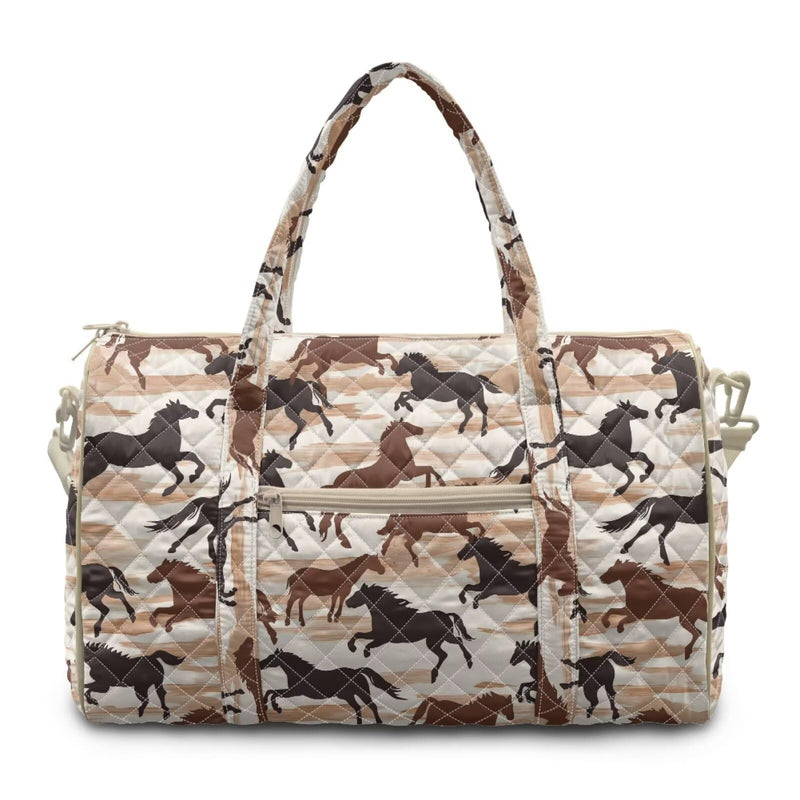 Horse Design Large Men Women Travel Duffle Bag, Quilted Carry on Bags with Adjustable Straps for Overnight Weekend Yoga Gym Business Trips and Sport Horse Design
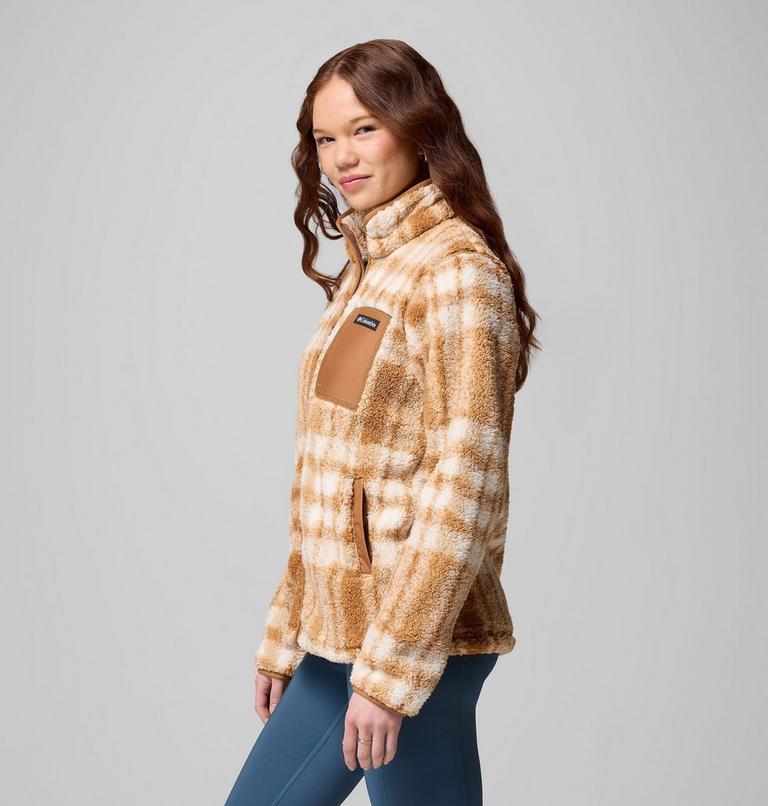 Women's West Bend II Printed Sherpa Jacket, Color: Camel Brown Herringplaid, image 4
______
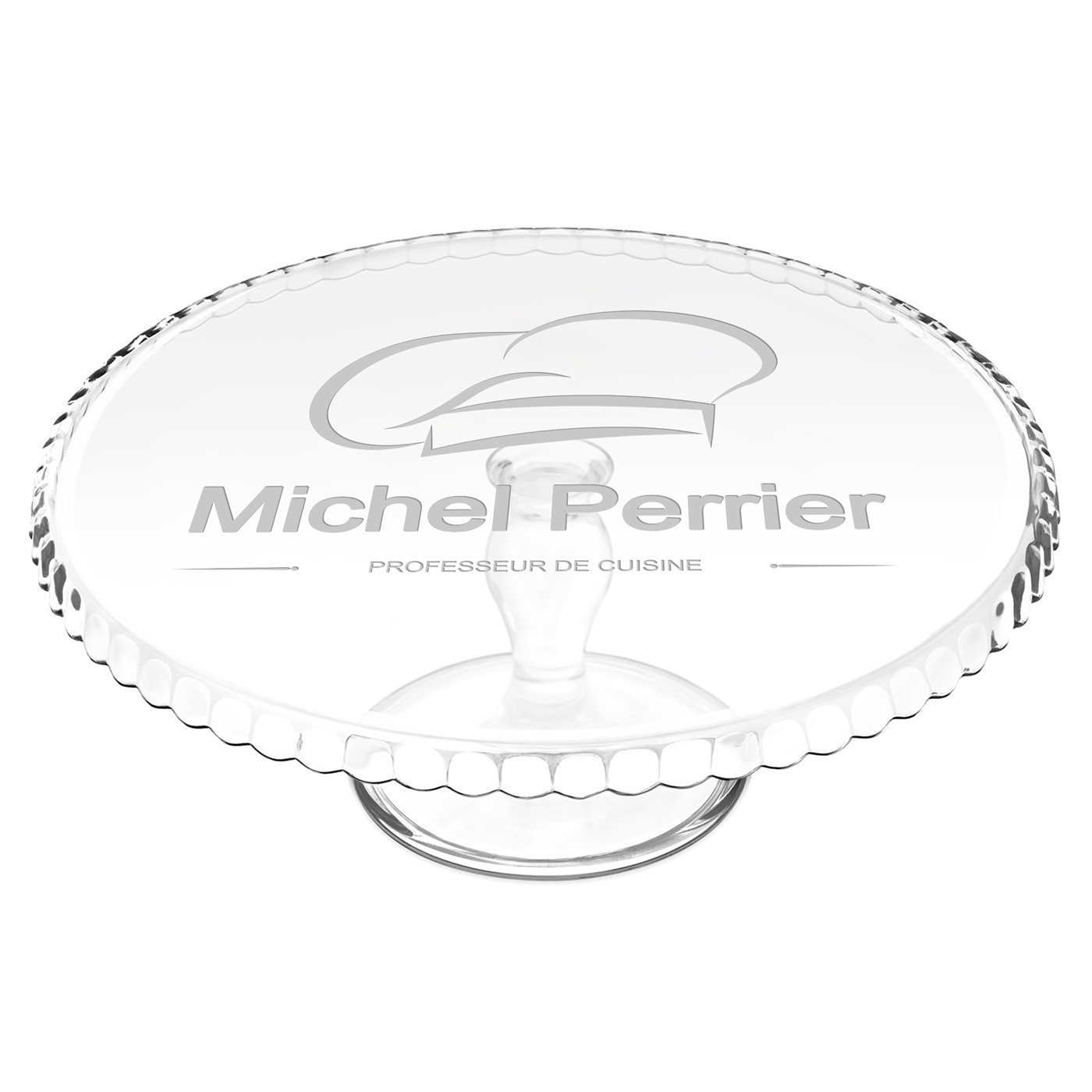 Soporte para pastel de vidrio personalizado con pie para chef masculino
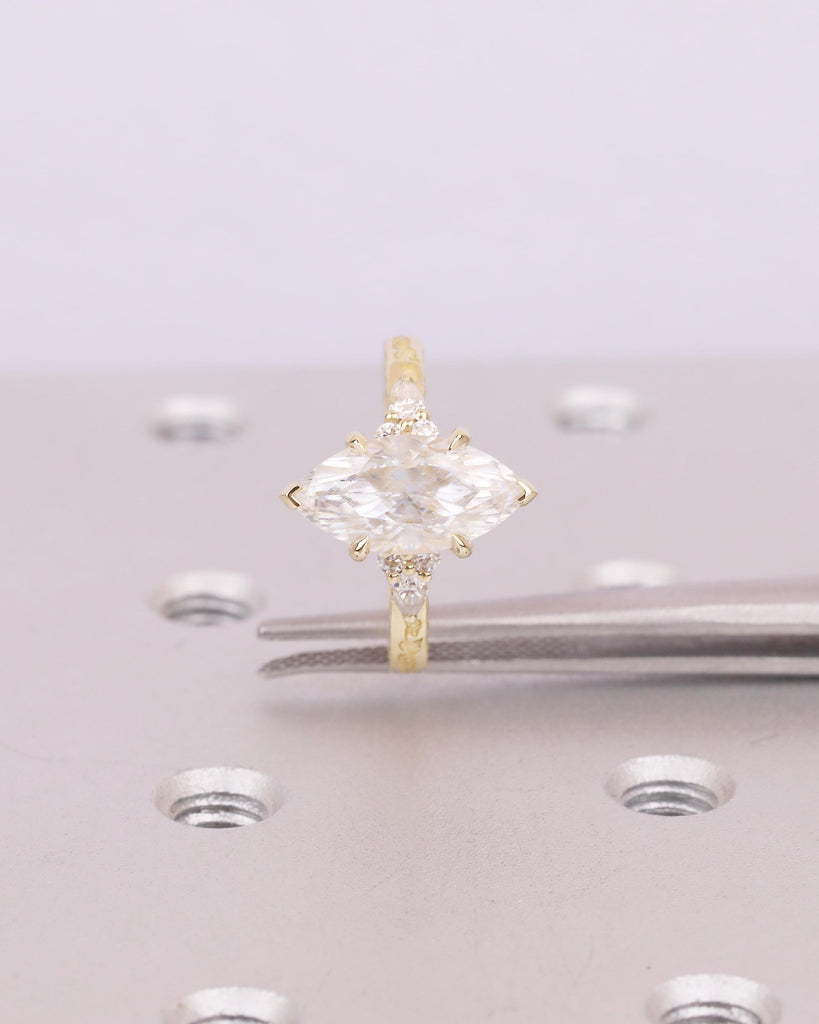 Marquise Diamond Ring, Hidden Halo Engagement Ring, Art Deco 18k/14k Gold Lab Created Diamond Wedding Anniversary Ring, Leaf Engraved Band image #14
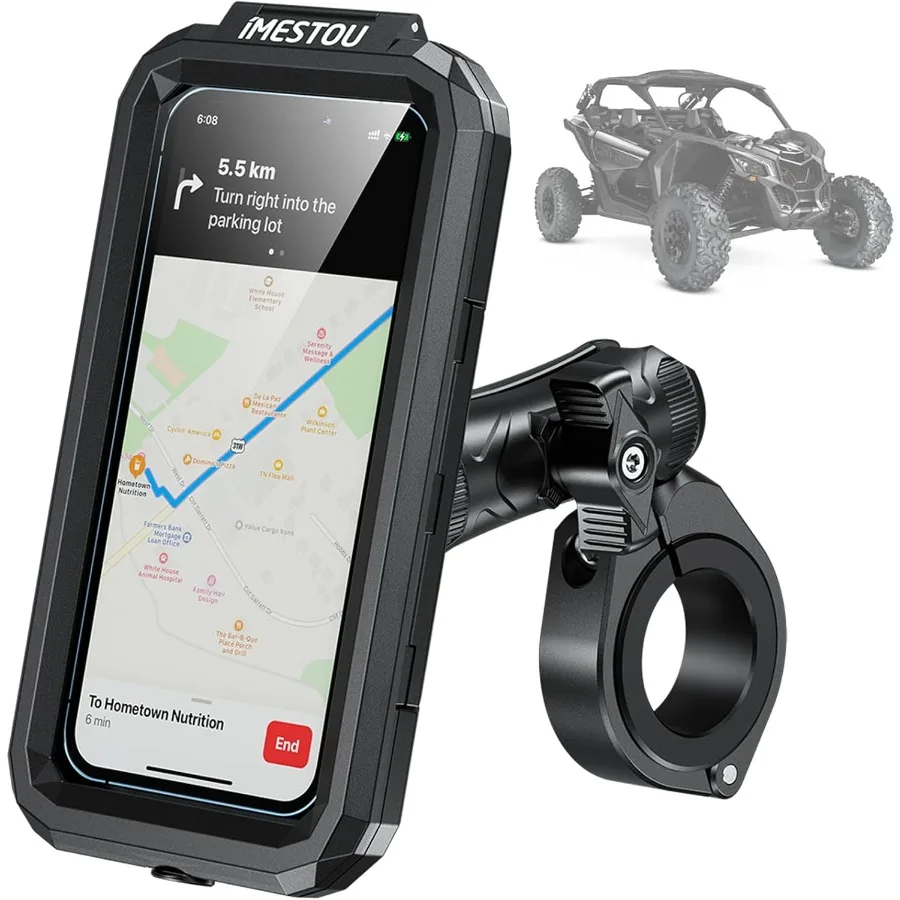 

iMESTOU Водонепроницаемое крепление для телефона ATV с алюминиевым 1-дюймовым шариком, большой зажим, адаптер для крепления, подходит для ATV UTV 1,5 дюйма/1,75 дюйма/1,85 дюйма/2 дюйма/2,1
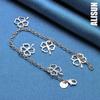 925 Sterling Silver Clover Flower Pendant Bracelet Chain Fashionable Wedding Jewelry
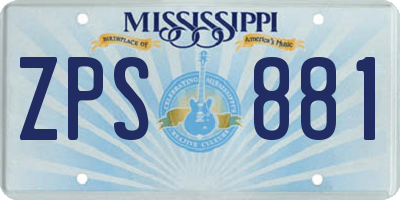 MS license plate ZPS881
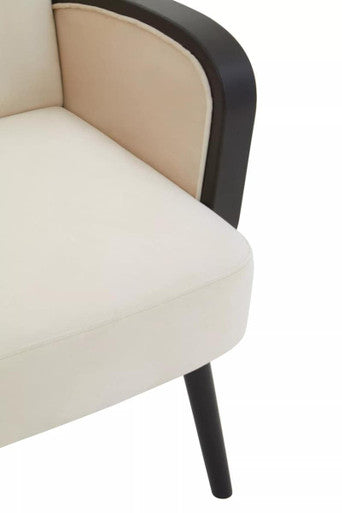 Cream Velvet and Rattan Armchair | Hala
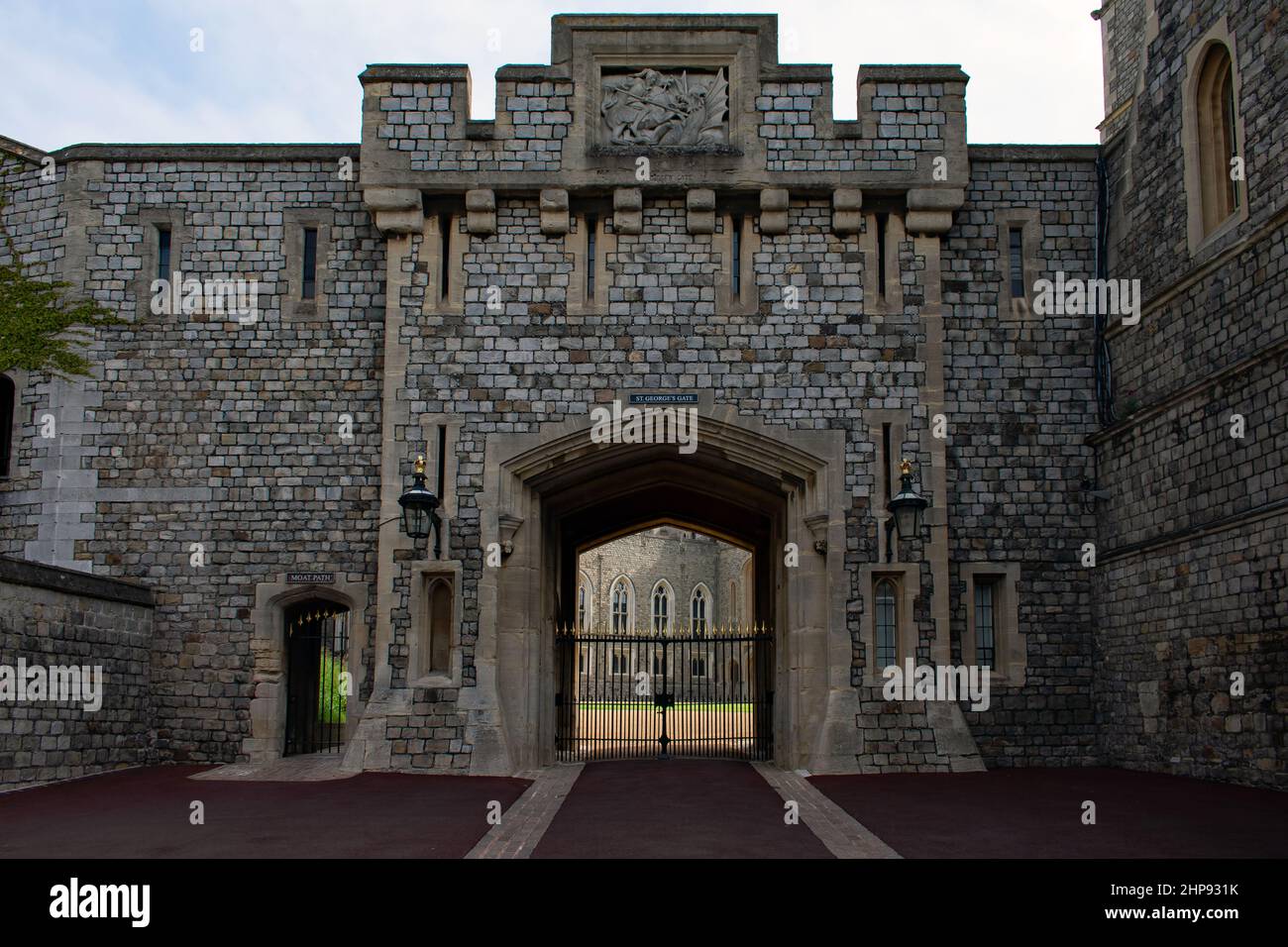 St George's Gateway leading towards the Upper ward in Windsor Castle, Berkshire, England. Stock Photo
______
**ACTIVITY**
Look above for the line with "iMESTOU Водонепроницаемое крепление" and the line with "St George's Gateway", then copy exactly the lines from the first through the second, both kept, with no pictures.

**RESULT**
iMESTOU Водонепроницаемое крепление для телефона ATV с алюминиевым 1-дюймовым шариком, большой зажим, адаптер для крепления, подходит для ATV UTV 1,5 дюйма/1,75 дюйма/1,85 дюйма/2 дюйма/2,1
 925 Sterling Silver Clover Flower Pendant Bracelet Chain Fashionable Wedding Jewelry
 MS license plate ZPS881
 Cream Velvet and Rattan Armchair | Hala
 St George's Gateway leading towards the Upper ward in Windsor Castle, Berkshire, England. Stock Photo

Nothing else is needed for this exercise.